Suffer Little Children

There’s been a lot of of hype surrounding Todd Field’s new film, Little Children. I’m assuming a lot of that buzz is coming from people who were bowled over by the film’s astonishing trailer, but haven’t yet had a chance to see the actual movie. With all due respect to my colleague, I didn’t find much to value here.

The film is yet another Cheeveresque look at infidelity in the suburbs. Sarah (Kate Winslet) is unhappy, married to a man given to pleasuring himself while sniffing panties purchased from Internet porn stars. She has a masters degree in English lit and is bored hanging out at the park with her daughter and the other Wives of Bitchwick. Brad (Patrick Wilson) is a hot young single dad whose wife (Jennifer Connelly) is preoccupied with her own documentary about the kids of casualties of the Iraqi war. Having flunked the bar exam one too many times, he’s now a stay-at-home dad who dreams of rail-sliding on a skateboard. One day, in the park with their kids, Sarah impulsively kisses Brad. With that, the two stumble into a fantasy world of their own devising. Soon, both are seriously considering leaving their spouses.

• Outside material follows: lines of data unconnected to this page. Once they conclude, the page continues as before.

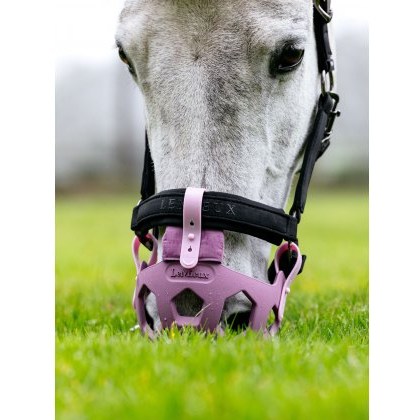 LeMieux Noma Grazing Muzzle - Mallow
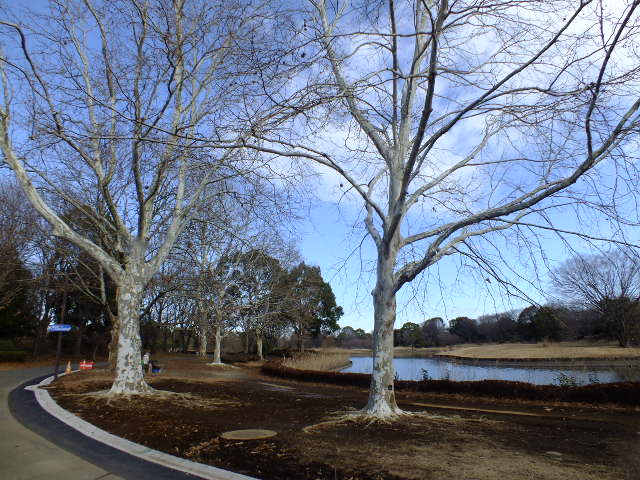 e0145782_2153880.jpg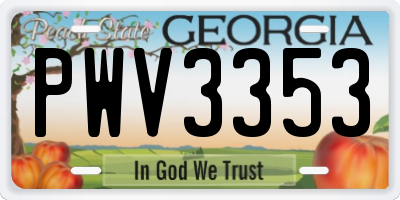GA license plate PWV3353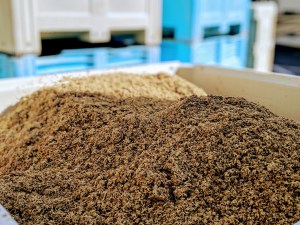 00100lportrait_00100_burst20190311131420658_cover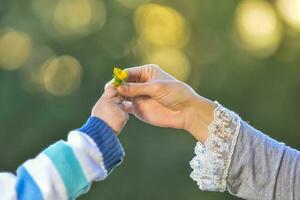 Hand geben ein Blume, Mutter und Sohn foto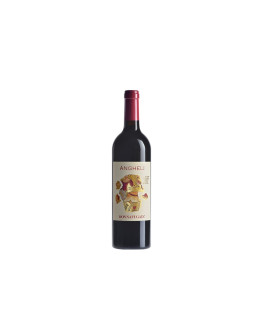 Donna Fugata Donnafugata Sicilia Rosso Doc Merlot e Cabernet Sauvignon Angheli 2021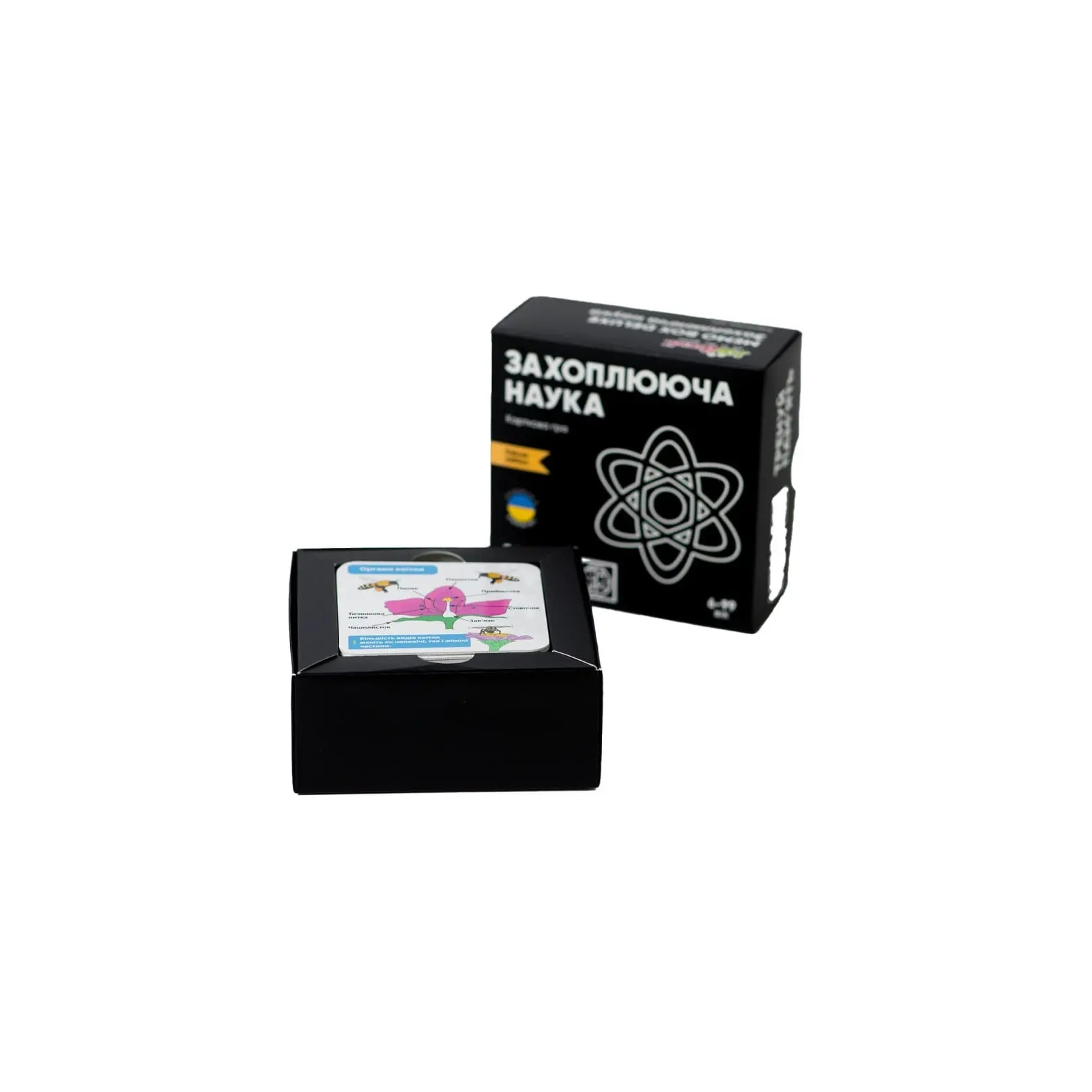 Настольная игра JoyBand MemoBox Delux Увлекательная наука (MBD105) изображение 2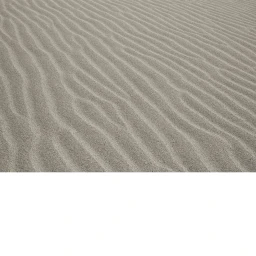 Rippled sand dunes showing wind-swept textures across a diagonal expanse with a solid white border below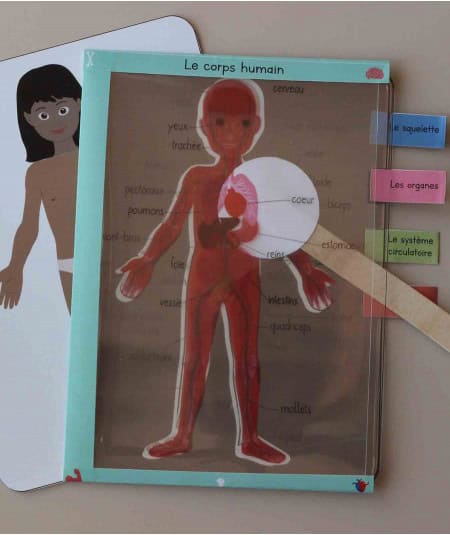 Loisirs créatifs-Kit créatif enfant "Corps humain"-L'atelier imaginaire-Mer(e)veilleuse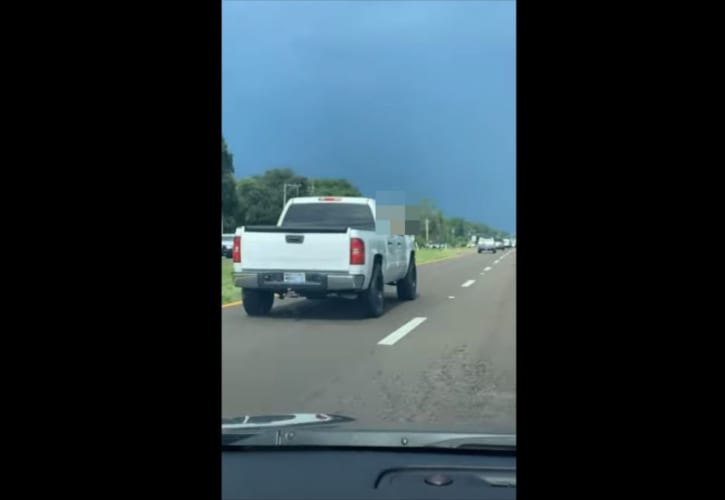 二度見確実！目の前を走るトラックの助手席から顔を出していたのは、まさかの･･･(笑)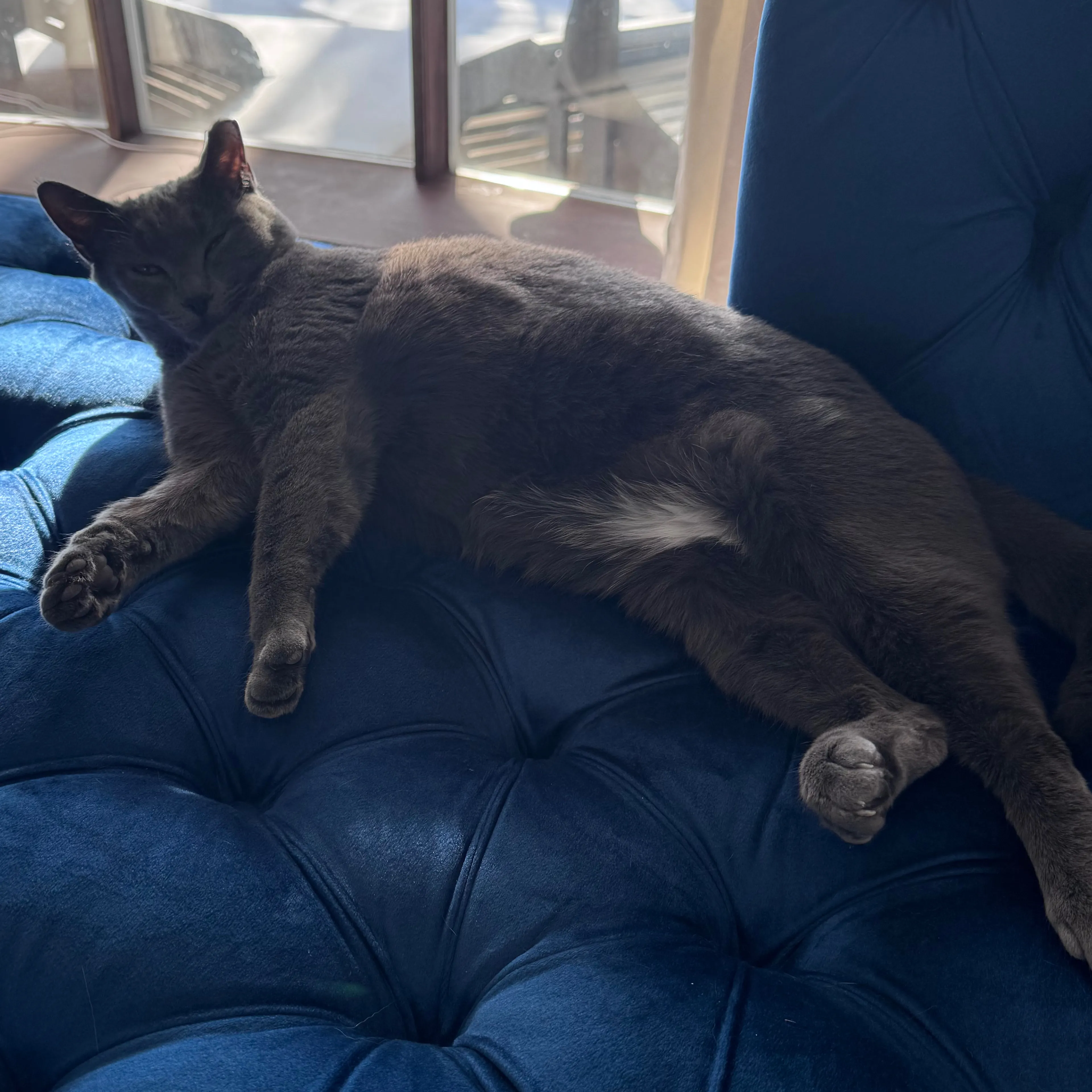 Lost pet-3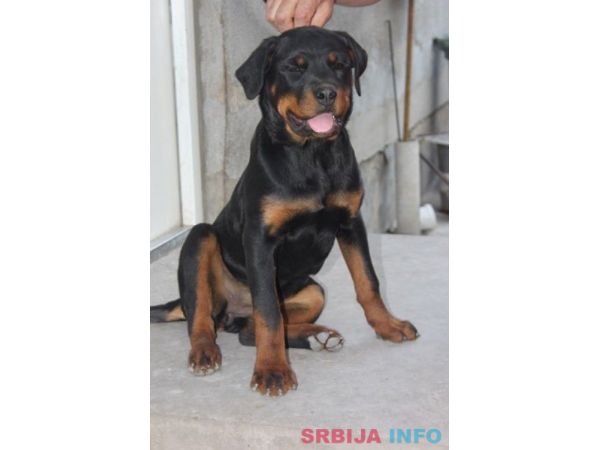 Rotvajler, &scaron;tenci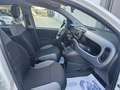 Fiat Panda 1.0 firefly hybrid City Life s&s 70cv Bianco - thumbnail 12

Meanwhile, a released sex offender (Jackie Earle Hayley) has moved back to the neighbourhood. His arrival at the local pool—to be fair, this is a pretty awesome scene—sparks widespread panic. If the link between the sex offender and Sarah and Brad isn’t initially clear, it suddenly becomes so at the end of the film, when, in a masterstroke of absurdity, Field brings about a series of events that teach us all to forgive, forget and “think of the children.” It’s one thing to have a Desperate Housewives-style narrator provide intermittent guidance and wry commentary on character motivation. But it’s another to have that same voice spell out what the film is meant to teach us at the end. Ick.

I left the theatre feeling both ill and angry. If the film deserves any Oscar attention—and the film has Oscar bait written all over it—it’s for Winslet’s performance.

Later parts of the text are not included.